O se, al contrario, la stiamo scoraggiando. La stagione dei troppi sussidi e incentivi non ha certamente contribuito a forgiarla. Il peso crescente delle corporazioni (non solo di balneari e tassisti, magari fossero solo quelli) ha finito per deprimerla. Insieme a una storica tendenza delle classi dirigenti italiane a farsi proteggere dalla politica. Salvare le aziende che non hanno futuro non è un’opera di giustizia sociale ma uno spreco di opportunità future. Commenta Rossi: «Mai, con la sola parziale eccezione del ventennio successivo alla Seconda Guerra Mondiale, gli italiani hanno guardato alle libertà economiche come un elemento determinante della loro identità». Aggiungiamo che negli ultimi anni queste libertà sono state cordialmente avversate. Complice l’illusione pericolosa che si possa vivere a rischio zero. Nascondendo, di conseguenza, la testa sotto la sabbia tiepida di una spiaggia immaginaria. 

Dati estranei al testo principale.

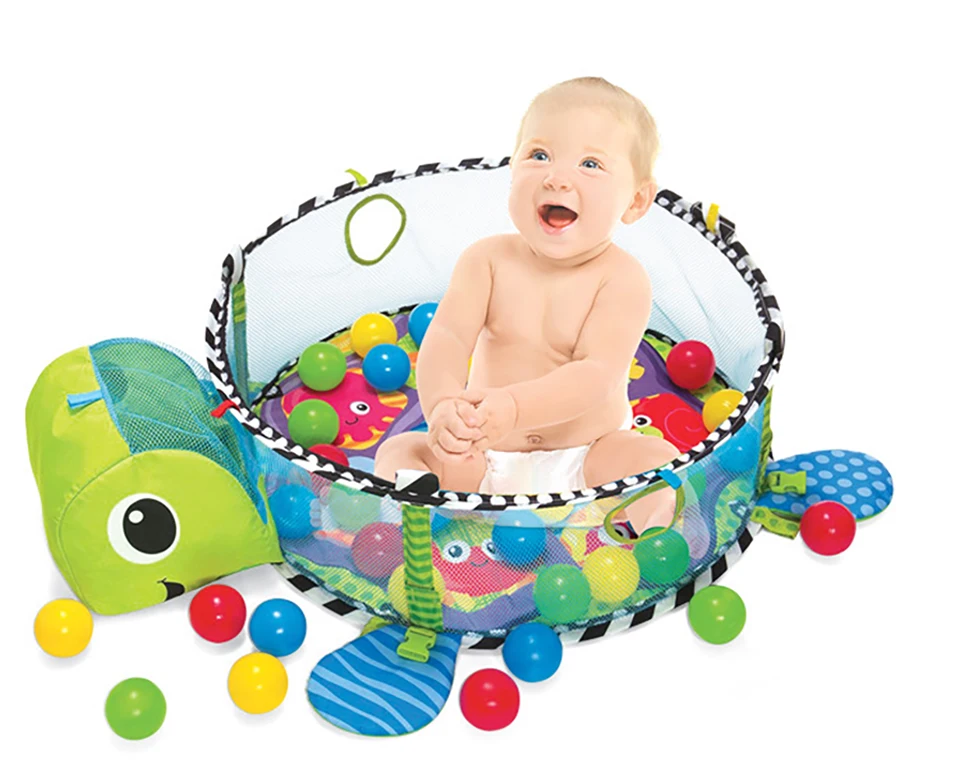 IMBABY детский коврик для занятий спортом игровой коврик три в одном интересное ползающее одеяло Спортивный Коврик для ребенка украшение в детскую комнату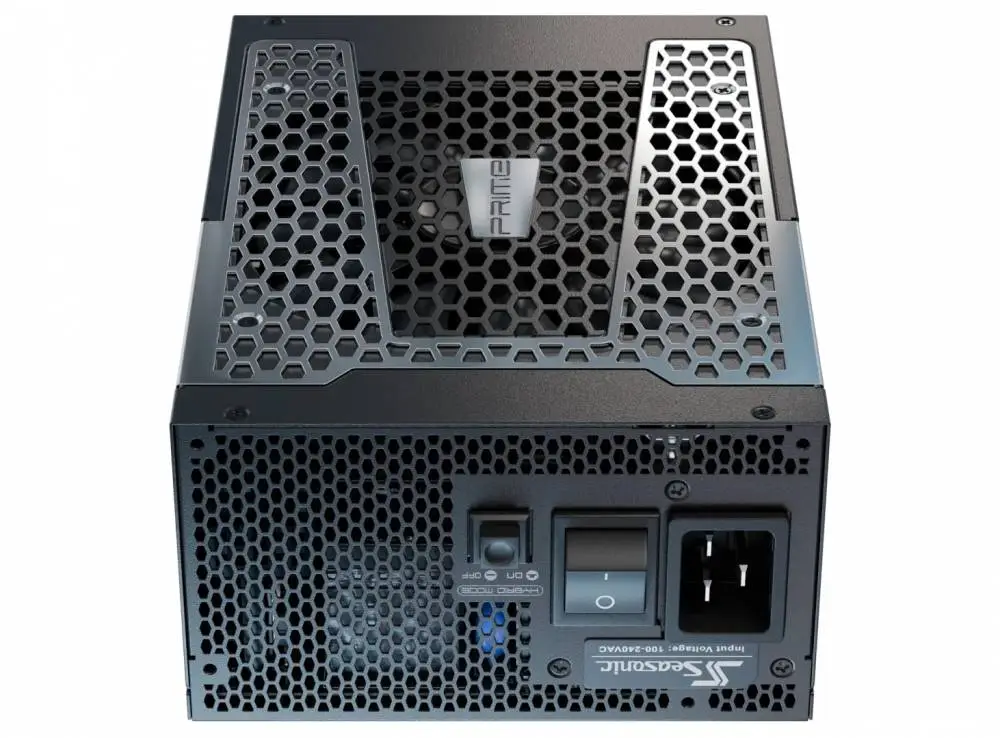 Захранване Seasonic PRIME PX-2200 PSU ATX 3.1 2200W Platinum PCIe Gen 5
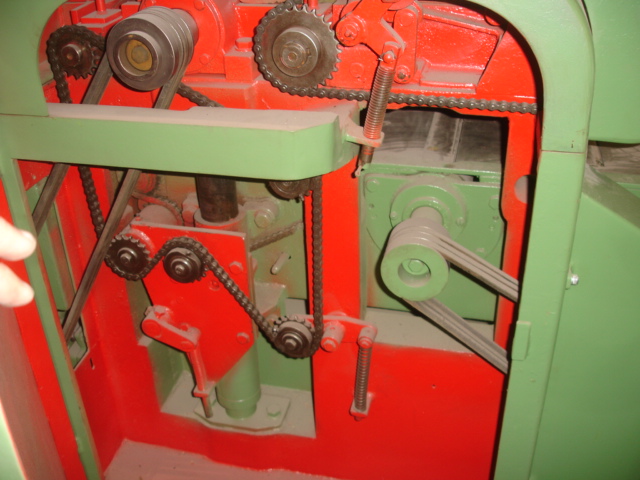 Hobelmaschine / Kehlmaschine  Kupfermühle Vuin 605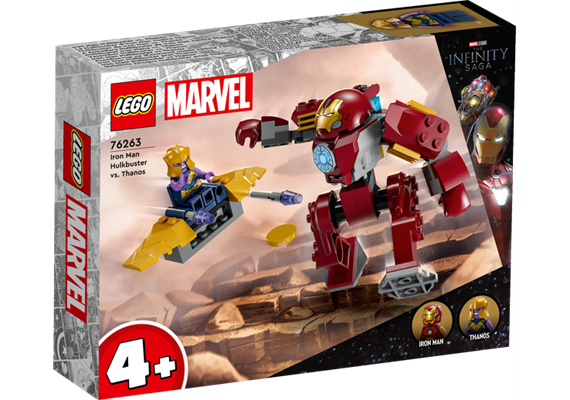 LEGO® Heroes 76263 Iron Man Hulkbuster vs. Thanos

Eppure, proprio in questi giorni in cui temiamo per l’effetto disastroso dei dazi americani, ci troviamo a constatare che le nostre imprese esportatrici sono state in grado di affrontare ogni tempesta. Ce la faranno anche in questa. Hanno accettato e vinto la sfida della concorrenza mondiale. Perché il resto del Paese non dovrebbe fare altrettanto? Qualche barlume di speranza, e molti spunti di riflessione, ci vengono dall’ultimo Rapporto sull’Italia generativa, realizzato da Uniocamere, presentato ufficialmente oggi a Roma. «Avviare un’impresa — si legge nell’introduzione dello studio che cita Hanna Arendt — è un atto di nascita, un’apertura verso il nuovo». E l’eventuale successo, non solo economico, non riguarda solo l’individuo, il nuovo imprenditore, «ma l’intero contesto in cui si inserisce».




















































La società generativa

Anche il rapporto richiama la «distruzione creatrice» di Joseph Alois Schumpeter, senza la quale le forme economiche esistenti, irrigidendosi, spezzano la tensione verso l’avvenire. Questo passaggio è particolarmente significativo e si ricollega all’analisi di Rossi.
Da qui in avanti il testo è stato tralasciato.